Five of hostage British soldiers released by Sierra Leone rebels
Five of the 11 British soldiers being held by a renegade militia in Sierra Leone have been released, British officials said late last night. The officials were holding out hope that the remaining six would also be liberated soon. "Five of the British soldiers being held have been released and are now in UK hands. They are safe and well," British military spokesman Lieut-Cmd Tony Cramp said.
"We are delighted at this major development and clearly this augurs well for the release of the remaining detainees." He would not say what, if any, conditions had been attached to the release.
He said much of the credit for the breakthrough goes to the combined efforts of UNAMSIL (the UN force in Sierra Leone) and Jorbatt (the Jordanian UNAMSIL contingent).
In London, a spokesman for the Foreign Office confirmed the release of the five. "They are in British hands," the spokesman said. "We are hopeful the others will be released soon.
"Negotiations will continue tomorrow for the release of the remaining detainees."
The group of 11 British servicemen from the Royal Irish Regiment was taken hostage last Friday by a rebel militia known as the West Side Boys.
A team of army officials flew out from Britain to Sierra Leone to help negotiate for the release of the men, who were part of a British army deployment to train the Sierra Leonian army.
Britain's defence ministry has said the men were being well-treated and provided with food and water by their captors.
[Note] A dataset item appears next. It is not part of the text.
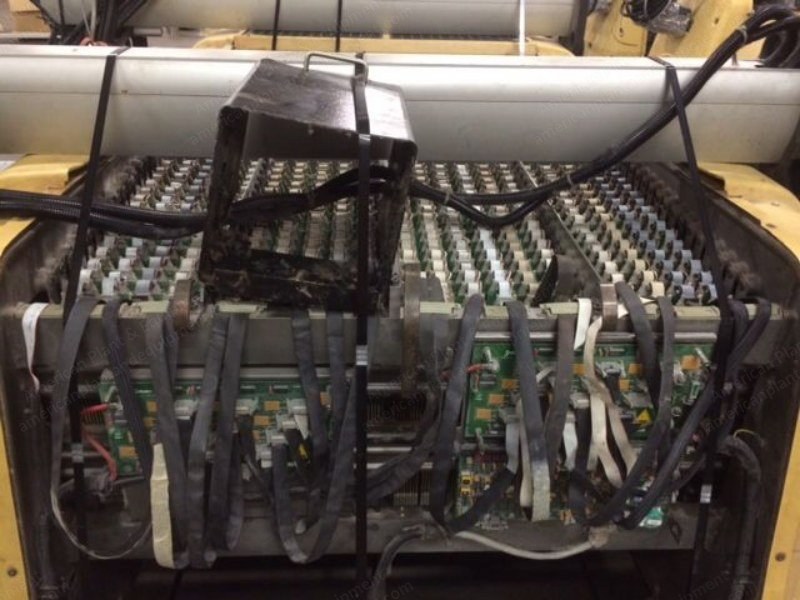 Staubli, CX880, 1996, 2688 Hooks Capacity, JC5 Controller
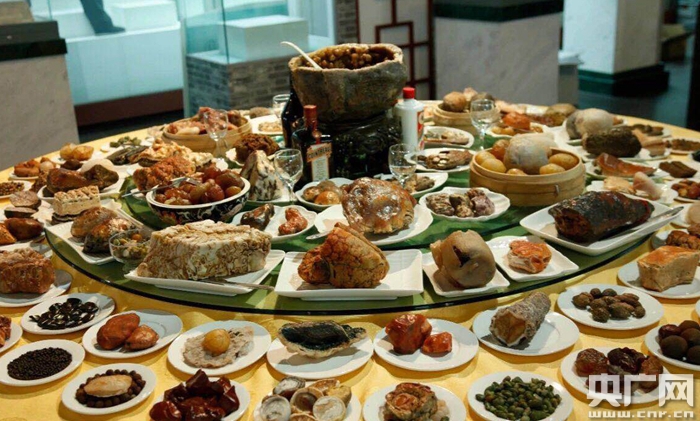 《满汉全席》奇石宴亮相宁夏博物馆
The Foreign Secretary, Mr Robin Cook, said earlier yesterday that he was pulling out all the stops to get the soldiers released, and that the government was anxious to resolve the latest of a string of abductions of UN and British forces in the lawless country.
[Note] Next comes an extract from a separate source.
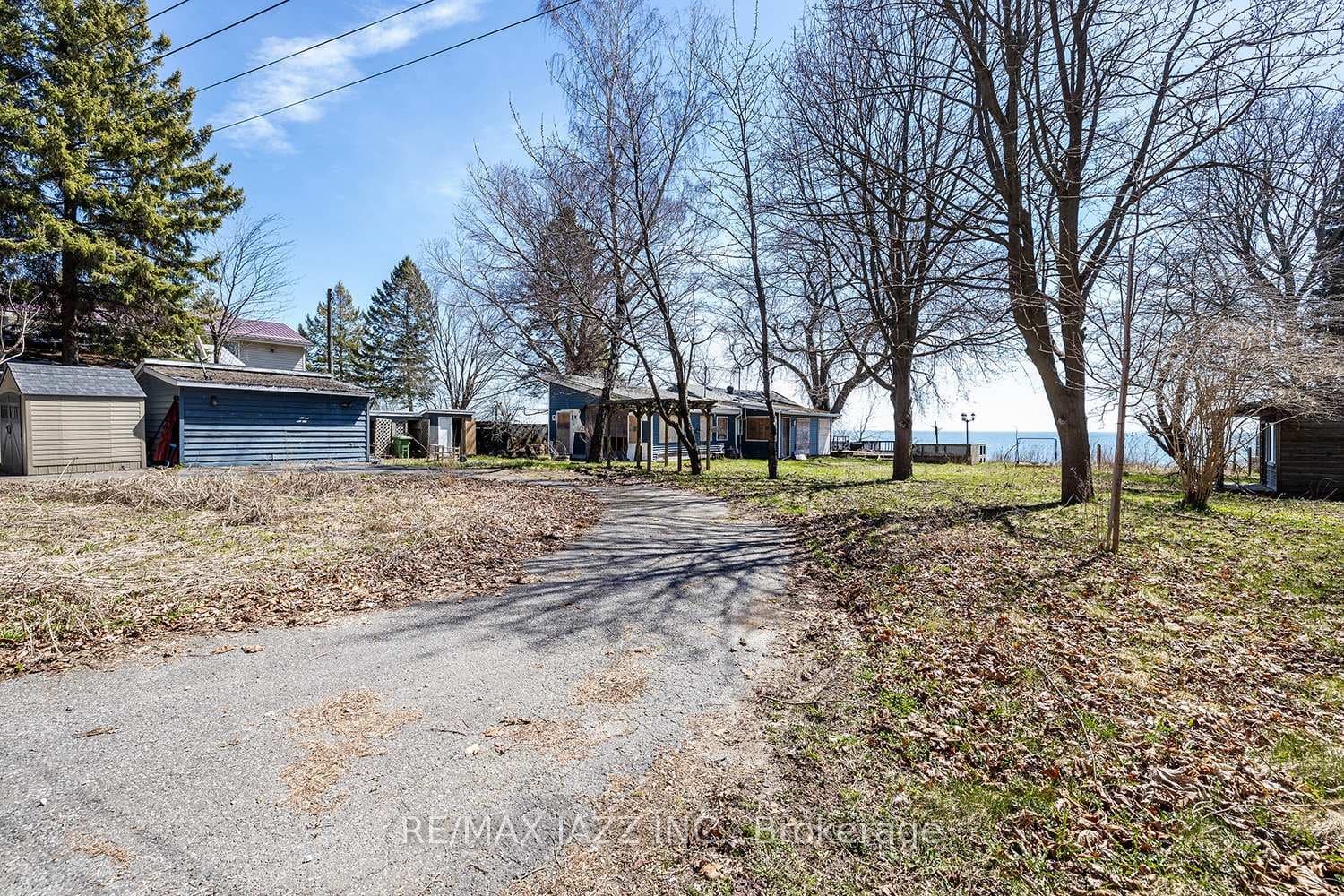 2802 Thickson Road photo 28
"We are doing everything possible to secure the release of those detained," he told reporters. "We are anxious to get them released as soon as possible."
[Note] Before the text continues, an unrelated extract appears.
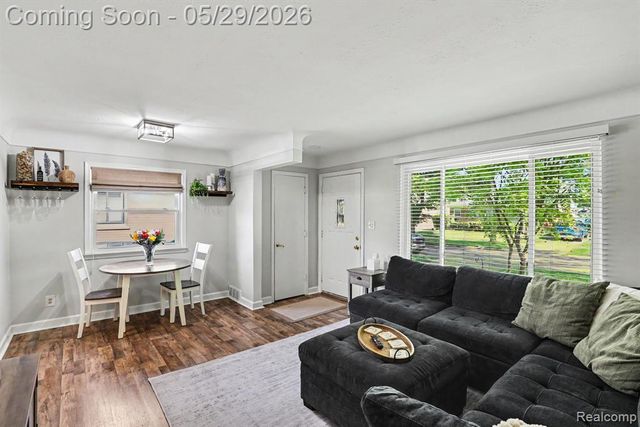 332 E Parker Avenue, Madison Heights, MI 48071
The incident has once again highlighted the dangers of operating in war-torn Sierra Leone, with its well-armed factions of shifting loyalties.
A UN military official in Sierra Leone said yesterday that 11 British soldiers held hostage by militiamen had not informed UN peacekeepers of their intention to travel in a rebel-held area.
"The British did not say to UN peacekeepers in Masiaka that they were going into West Side Boys' rebel positions, which I would describe as very dangerous," Brig-Gen Mohammed Garba, a deputy commander of the UN peacekeeping force in Sierra Leone, said.
Until now the main threat has been posed by Revolutionary United Front (RUF) rebels, who kidnapped 500 UN peacekeepers in May, prompting a muscular British intervention.
On Friday, the spotlight fell on the West Side Boys, a grouping of several dozen fighters who have turned their back on the junta they used to support. The junta, which was in power here between from May 1997 to February 1998, has now allied with the government.
The apparent ease with which the West Side Boys surrounded the British contingent, and the proximity of their fiefdom to Freetown - just 40 miles to the west - has raised questions about the scope and effectiveness of the controversial British mission in Sierra Leone.